In this section we instantiate the `LightningModule` model specified in `lightning.py` script. We will then log the model architecture to wandb and use `pytorch-lightning` `Trainer` to train/validate and test the model upon whose completion we will save the weights of the pytorch-model wrapped under the `LightningModule` class.

In [None]:
# init LightningModule
hidden_dims = 512
model = LitModel(**vars(args), hidden_dims=hidden_dims, class_weights=None)
model.example_input_array = torch.zeros_like(ims)
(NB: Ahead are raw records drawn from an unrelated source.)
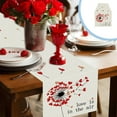 thumbnail image 1 of PEONAVET Valentine Table Runner, Red Heart Printed Table Flag Anniversary Kitchen Dining Table Decoration for Home Party Decor, 1 of 6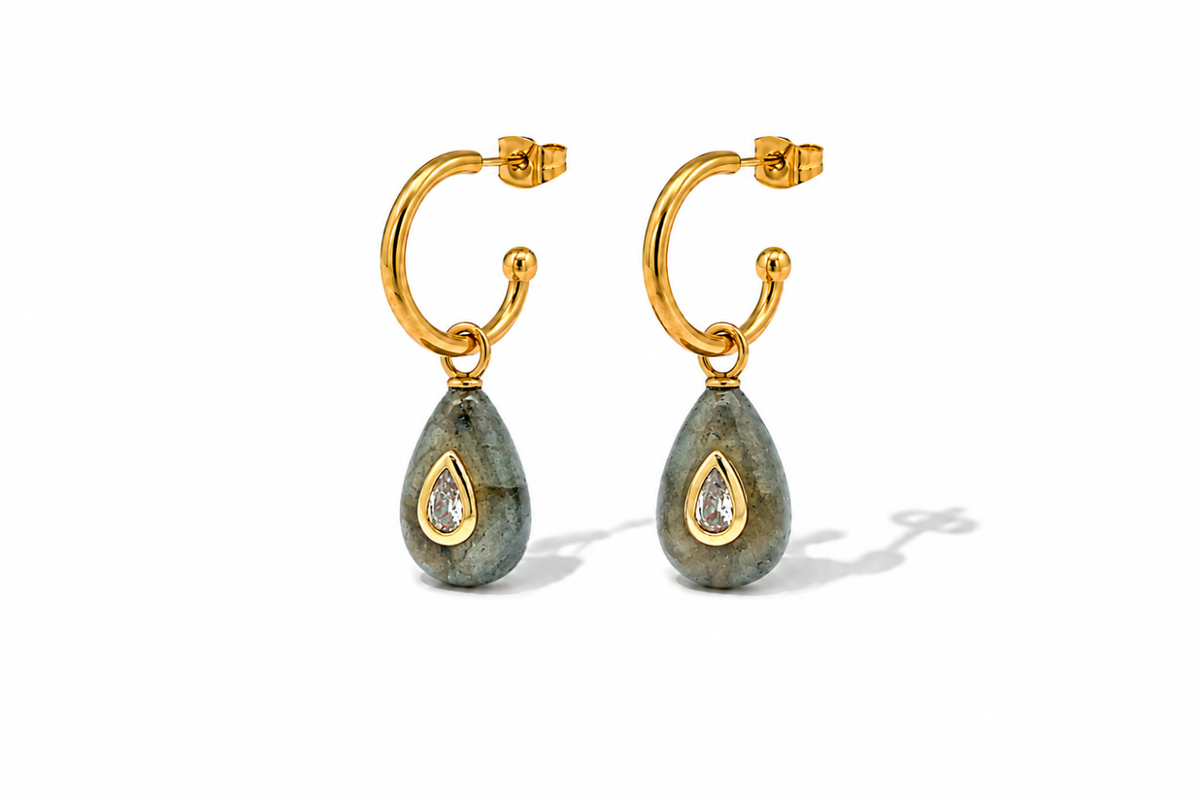 Hana labradorite teardrop gemstone hoop earrings in gold, a Boho Betty AW26 waterproof earring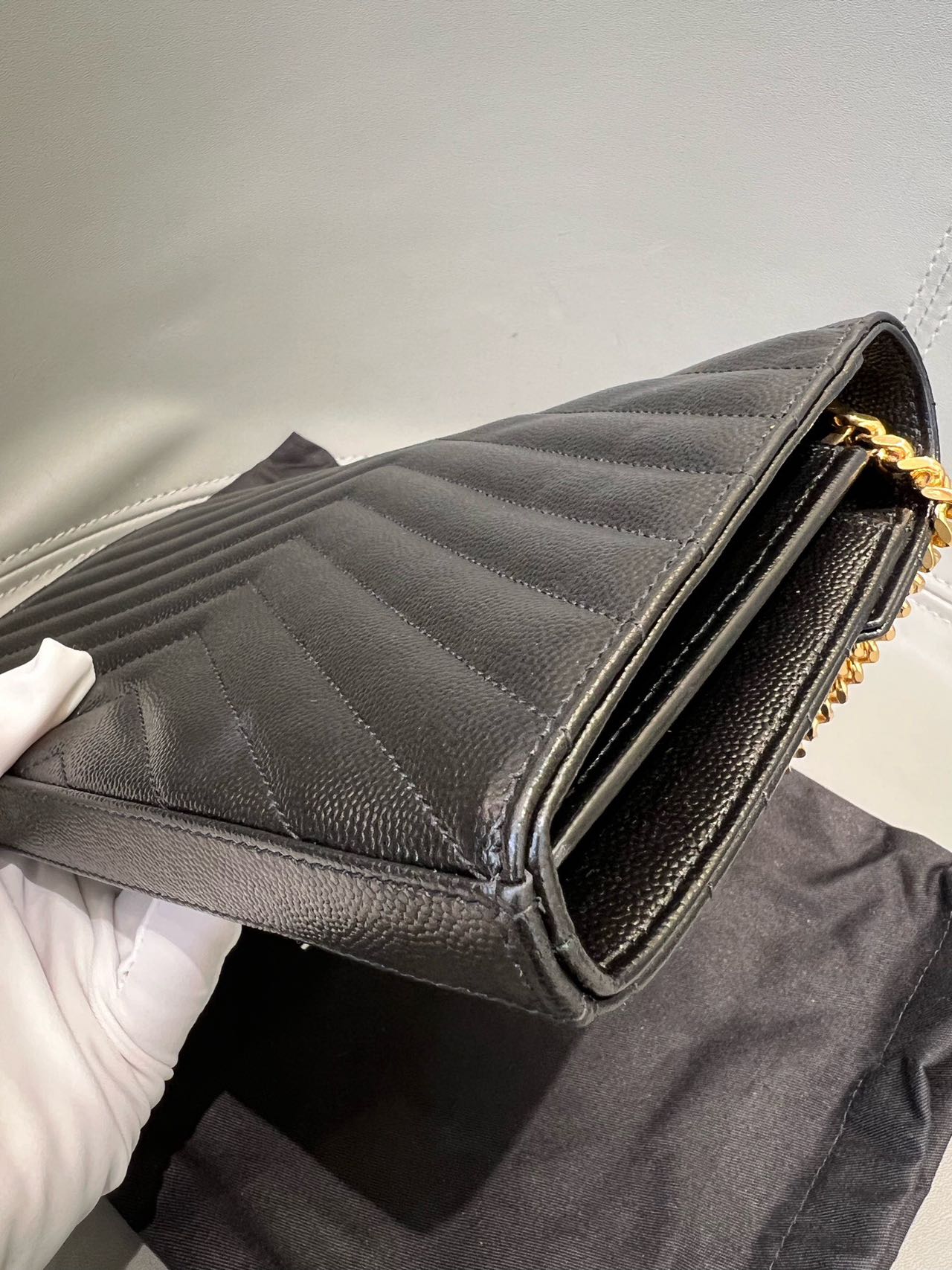Pre-owned Certified  YSL Saint Laurent Monogram Wallet on Chain in Black Caviar Leather with Golden Hardware, 2021, w/ full set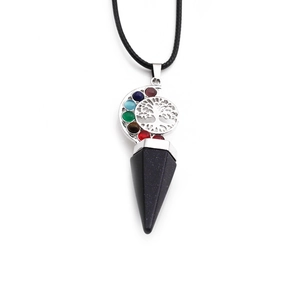 Tree of Life necklace with seven chakra stones and a blue crystal cone pendant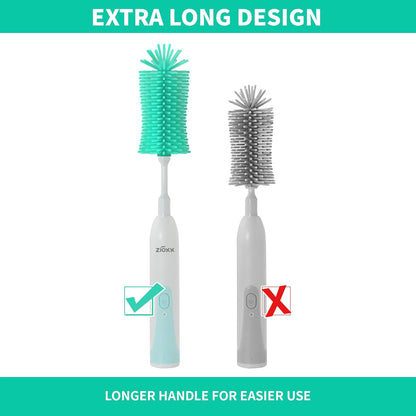 Electric Bottle Brush Cleaner, Portable Electric Baby Bottle Brush Cleaner for Travel, Rechargable Travel Bottle Cleaner Kit with Nipple & Straw Brush, Perfect Mom Essentials After Birth Gift, Green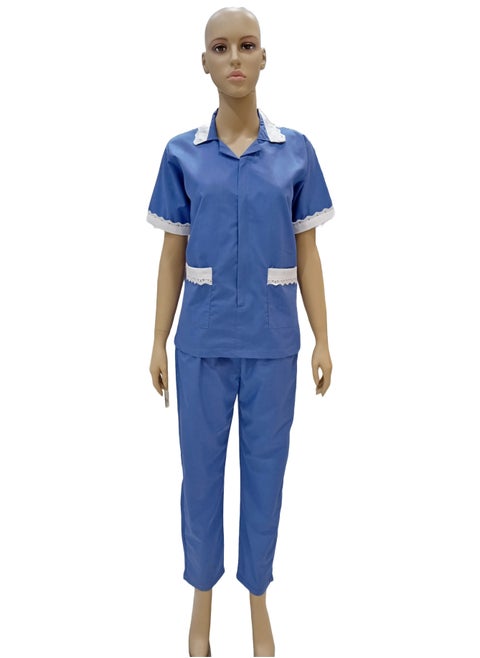Maid Uniform with Zipper Top and Pants Blue Domestic Helper Uniform
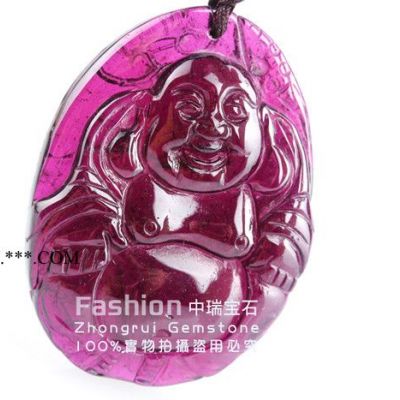 供應(yīng)中瑞寶石13112205天然紫牙烏石榴石大肚笑佛吊墜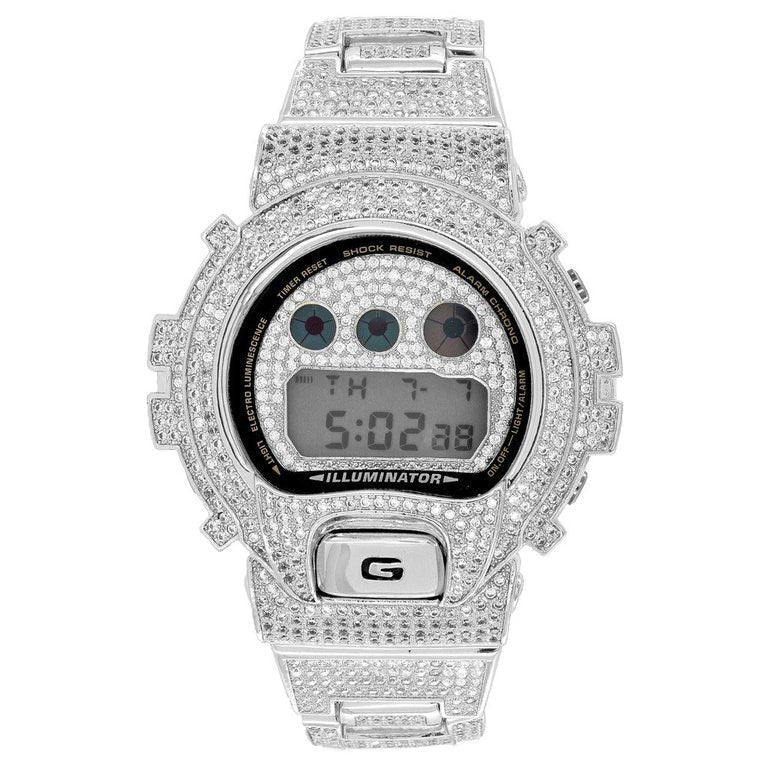 Fully Iced Moissanite Diamond Bezel Band Casio Gshock DW6900 Watch - Master of Bling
# freeze/unfreeze the feature extractor of the model
model.unfreeze_classifier()

# log model topology to wandb
wb_logger.watch(model.net)

In [None]:
# Pass the datamodule as arg to trainer.fit to override model hooks :)
trainer.fit(model, dm)

In [None]:
# Compute metrics on test dataset
_ = trainer.test(model, datamodule=dm, ckpt_path=chkpt.best_model_path)

In [None]:
PATH = chkpt.best_model_path # path to the best performing model
WEIGHTS_PATH = f"/kaggle/working/weights_fold={fold_num}.pt"

loaded_model = model.load_from_checkpoint(checkpoint_path=chkpt.best_model_path, **vars(args))
torchmodel = loaded_model.net

# save torch model state dict
torch.save(torchmodel.state_dict(), WEIGHTS_PATH)

Check the saved files :

In [None]:
from torch import nn
from torchvision import models

device = torch.device("cuda:0")

class TransferLearningModel(nn.Module):
    """
    The base for the lightning model
    """
    def __init__(self, classifier: nn.Module, base: nn.Module):
        super(TransferLearningModel, self).__init__()
        # Set our init args as class attributes
        self.classifier = classifier
        self.base = base
        
    def forward(self, x):
        return self.base(self.classifier(x))

In [None]:
# assemble network
classifier = models.resnext50_32x4d()

# dims for the base model
num_ftrs = classifier.fc.out_features
h1 = 512 
h2 = int(h1/2)

base_model = nn.Sequential(
    nn.BatchNorm1d(num_ftrs),
    nn.ReLU(inplace=True),
    nn.Dropout(0.25),
    nn.Linear(num_ftrs, h1),
    nn.BatchNorm1d(h1),
    nn.ReLU(inplace=True),
    nn.Dropout(0.25),
    nn.Linear(h1, h2),
    nn.BatchNorm1d(h2),
    nn.ReLU(inplace=True),
    nn.Dropout(0.5),
    nn.Linear(h2, 5)
)

# init model
Net = TransferLearningModel(classifier, base_model)

# load saved model weights
state_dict = torch.load(WEIGHTS_PATH, map_location=device)
# load the torch state dict to the model
Net.load_state_dict(state_dict)
logger.info("Success")

In [None]:
# save the weights to wandb
# WandB – Save the model checkpoint. This automatically saves a file to the cloud and associates it with the current run.
wandb.save(WEIGHTS_PATH)
# finish run
wandb.finish()